Data extract Start Marker
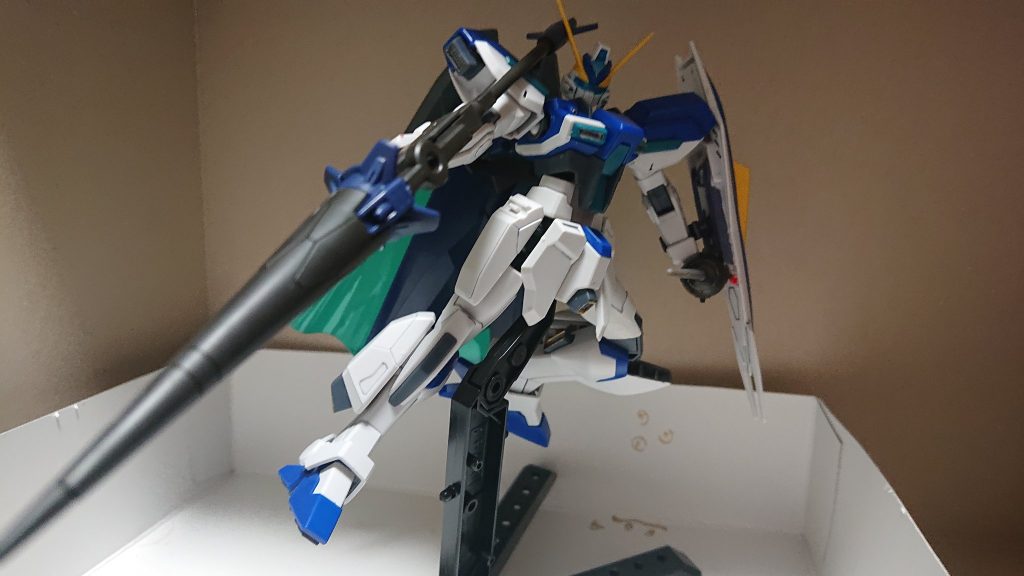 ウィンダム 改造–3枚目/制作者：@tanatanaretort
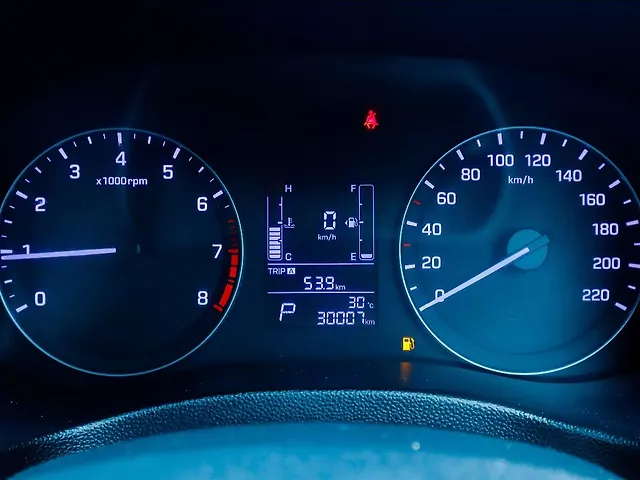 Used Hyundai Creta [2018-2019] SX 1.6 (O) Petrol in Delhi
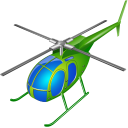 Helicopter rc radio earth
Data extract End Marker
-- What this task involves --
Reproduce the listing exactly, but keep its images out of the copy.

-- Response area --
 ウィンダム 改造–3枚目/制作者：@tanatanaretort
 Used Hyundai Creta [2018-2019] SX 1.6 (O) Petrol in Delhi
 Helicopter rc radio earth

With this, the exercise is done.